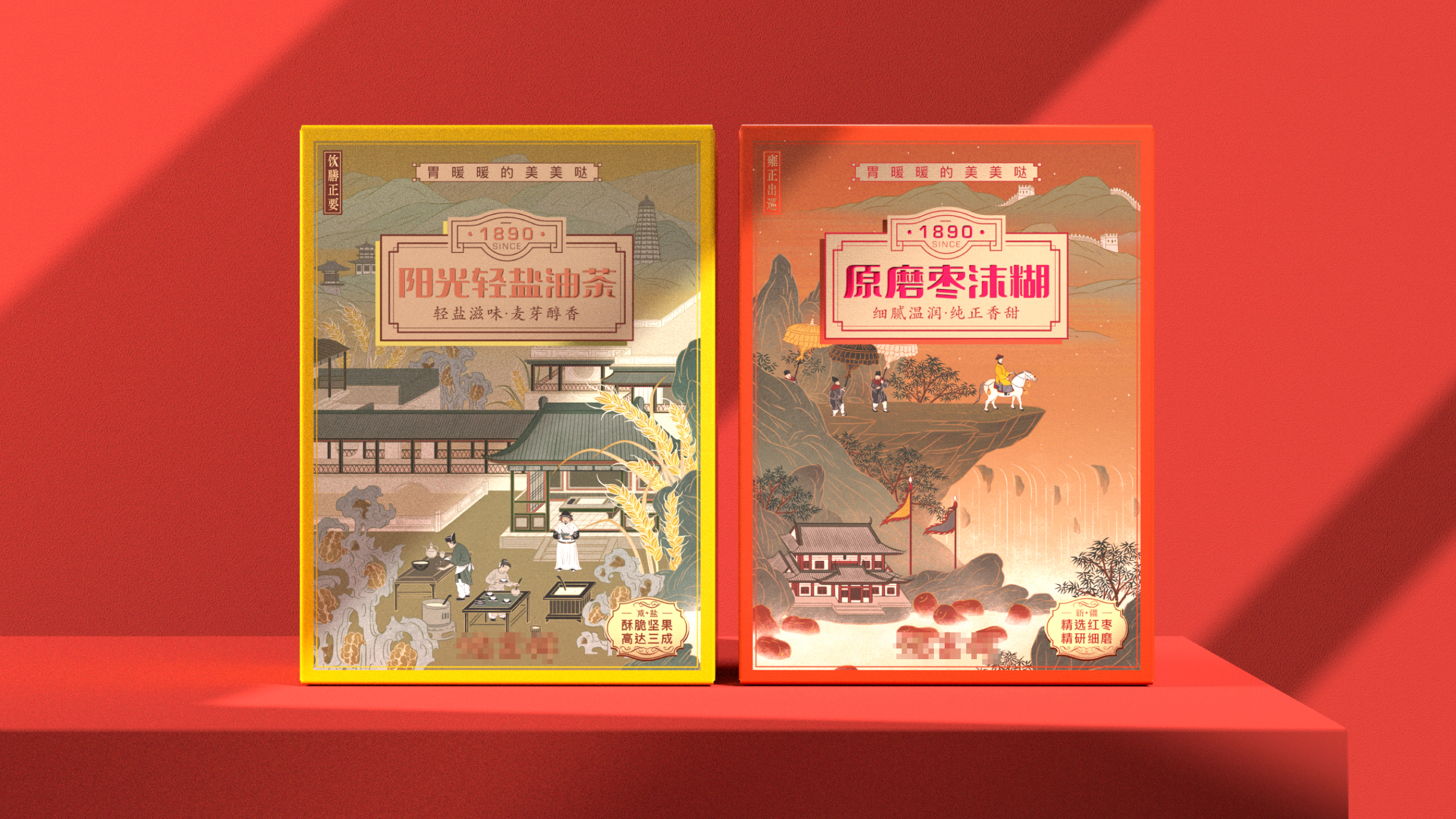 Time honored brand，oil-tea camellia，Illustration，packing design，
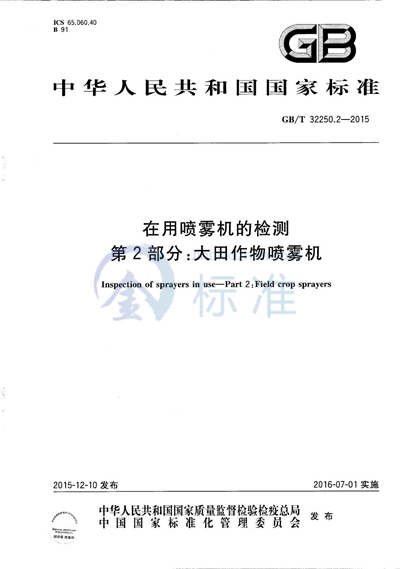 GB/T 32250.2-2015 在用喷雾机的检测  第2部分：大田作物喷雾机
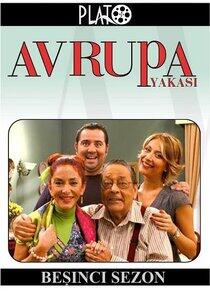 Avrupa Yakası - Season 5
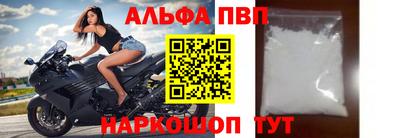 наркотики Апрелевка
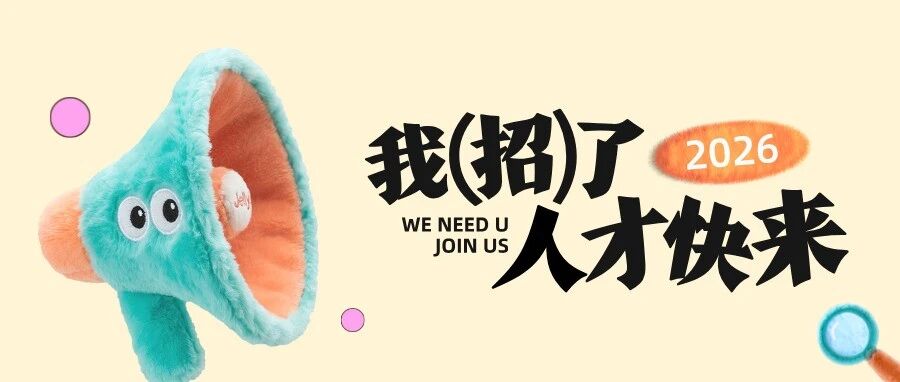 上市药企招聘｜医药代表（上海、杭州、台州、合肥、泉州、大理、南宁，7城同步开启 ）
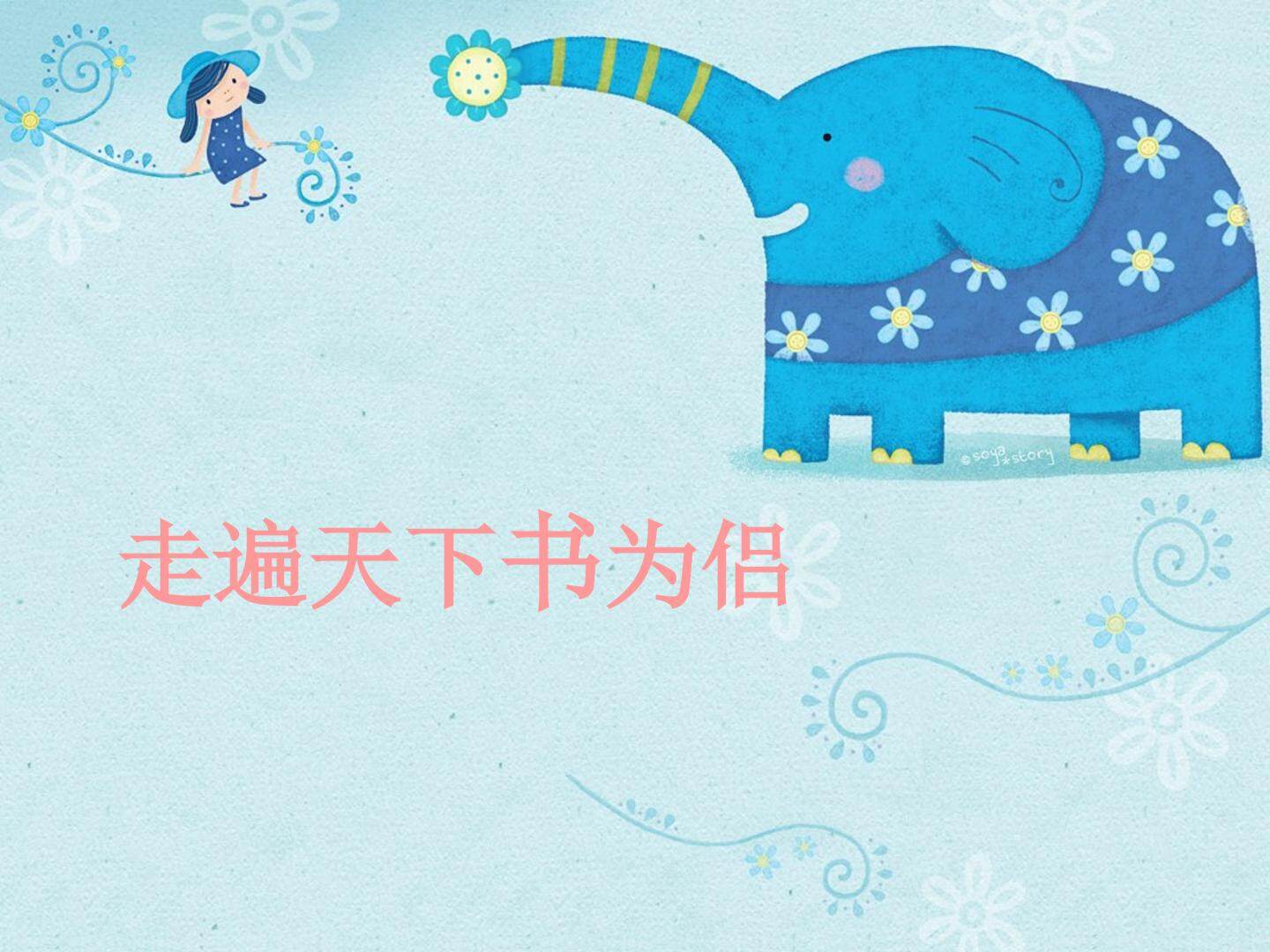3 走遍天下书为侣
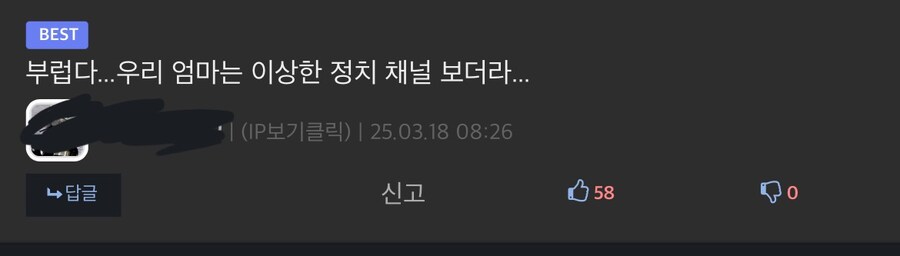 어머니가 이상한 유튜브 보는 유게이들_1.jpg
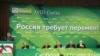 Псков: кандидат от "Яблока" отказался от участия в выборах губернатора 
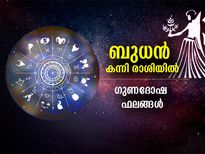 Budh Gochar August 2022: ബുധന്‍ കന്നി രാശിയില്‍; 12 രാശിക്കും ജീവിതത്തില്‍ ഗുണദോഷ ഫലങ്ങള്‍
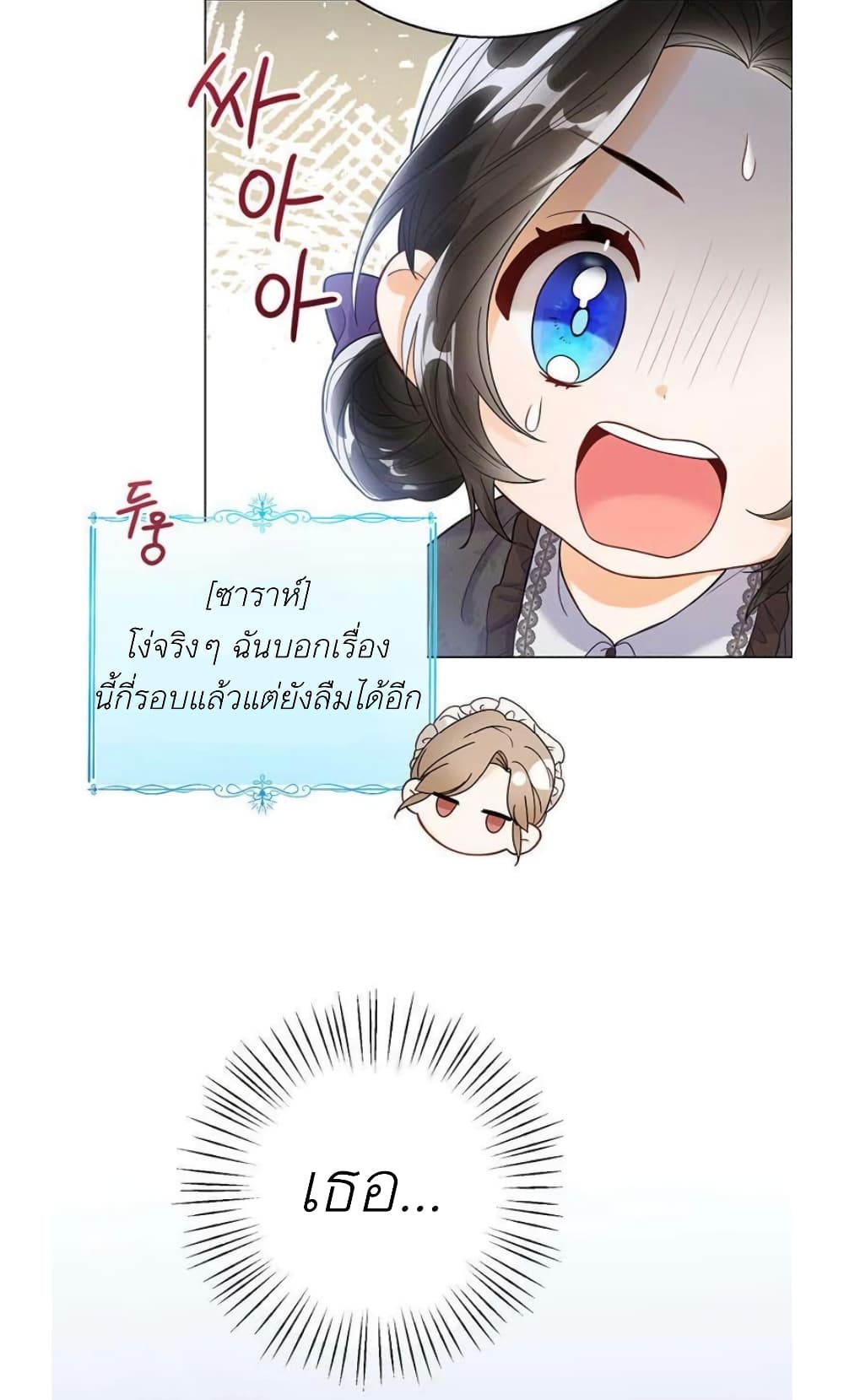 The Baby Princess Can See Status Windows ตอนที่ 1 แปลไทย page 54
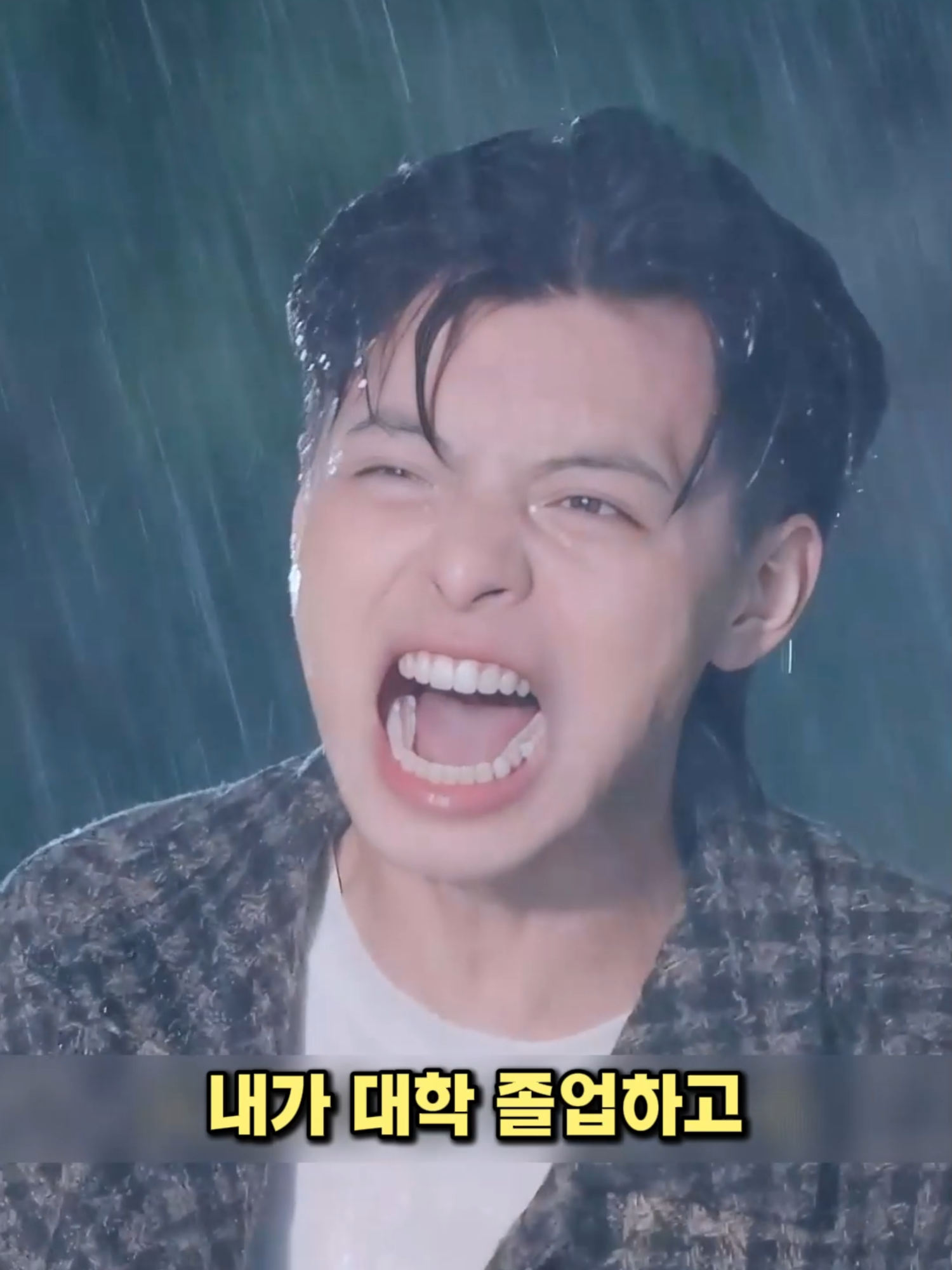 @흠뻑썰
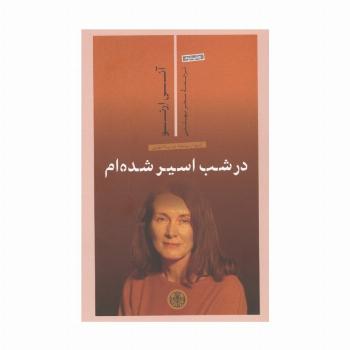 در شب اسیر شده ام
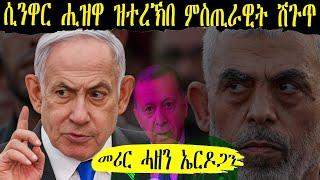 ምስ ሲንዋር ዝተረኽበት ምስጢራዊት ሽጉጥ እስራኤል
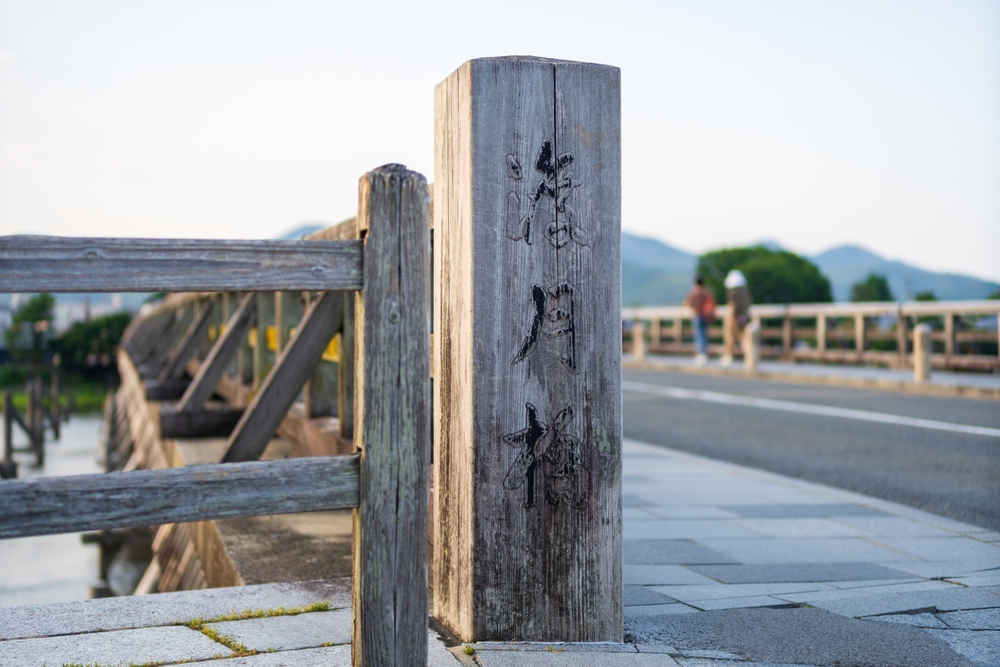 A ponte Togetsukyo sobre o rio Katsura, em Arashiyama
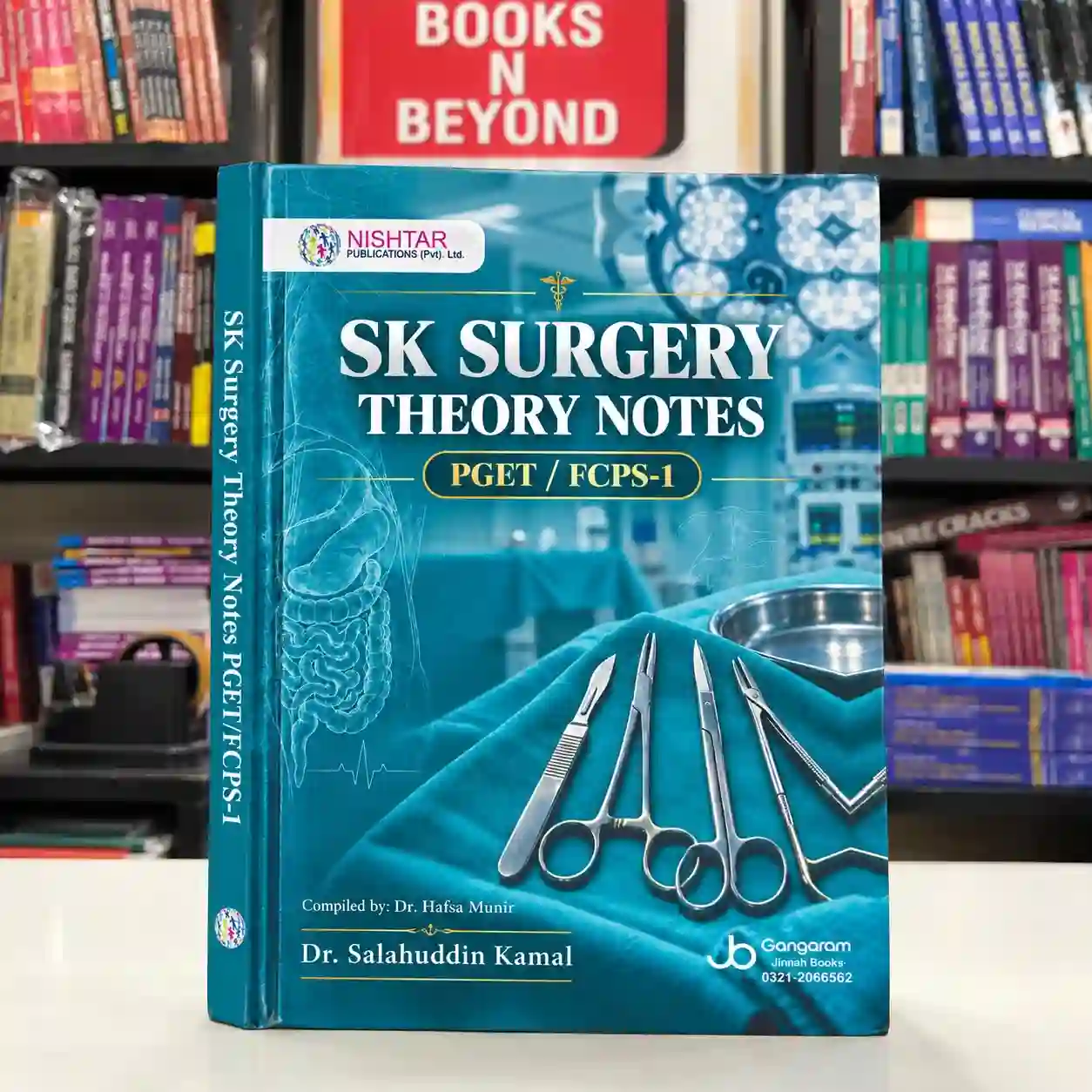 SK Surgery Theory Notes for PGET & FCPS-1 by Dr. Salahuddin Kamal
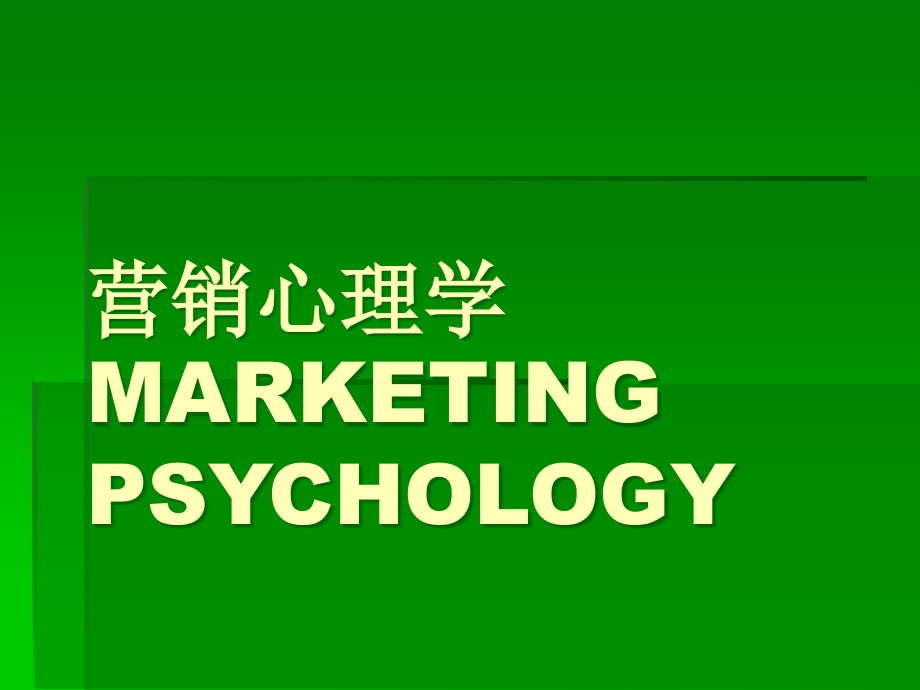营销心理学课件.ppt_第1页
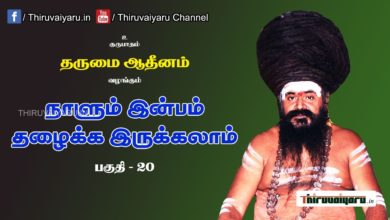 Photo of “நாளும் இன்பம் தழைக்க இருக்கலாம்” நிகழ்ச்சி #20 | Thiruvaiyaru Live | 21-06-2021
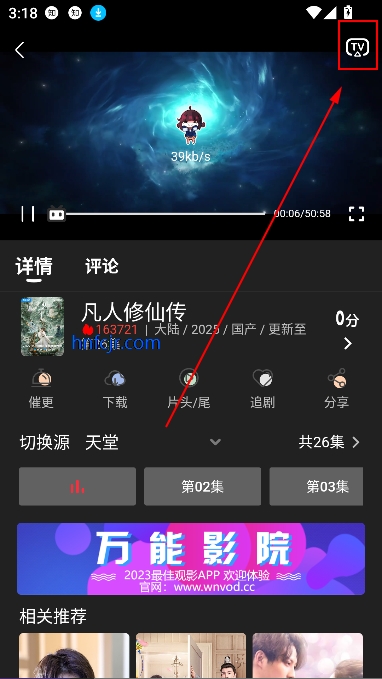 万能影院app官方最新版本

→ **EXERCISE AIM**:
Here the job is to repeat the entries verbatim while leaving all pictures out.

→ **TASK SOLUTION**:
 Time honored brand，oil-tea camellia，Illustration，packing design，
 GB/T 32250.2-2015 在用喷雾机的检测  第2部分：大田作物喷雾机
 Avrupa Yakası - Season 5
 наркотики Апрелевка
 上市药企招聘｜医药代表（上海、杭州、台州、合肥、泉州、大理、南宁，7城同步开启 ）
3 走遍天下书为侣
 어머니가 이상한 유튜브 보는 유게이들_1.jpg
 Псков: кандидат от "Яблока" отказался от участия в выборах губернатора 
 Budh Gochar August 2022: ബുധന്‍ കന്നി രാശിയില്‍; 12 രാശിക്കും ജീവിതത്തില്‍ ഗുണദോഷ ഫലങ്ങള്‍
 The Baby Princess Can See Status Windows ตอนที่ 1 แปลไทย page 54
 @흠뻑썰
 در شب اسیر شده ام
 ምስ ሲንዋር ዝተረኽበት ምስጢራዊት ሽጉጥ እስራኤል
 A ponte Togetsukyo sobre o rio Katsura, em Arashiyama
 SK Surgery Theory Notes for PGET & FCPS-1 by Dr. Salahuddin Kamal
营销心理学课件.ppt_第1页
 Photo of “நாளும் இன்பம் தழைக்க இருக்கலாம்” நிகழ்ச்சி #20 | Thiruvaiyaru Live | 21-06-2021
 万能影院app官方最新版本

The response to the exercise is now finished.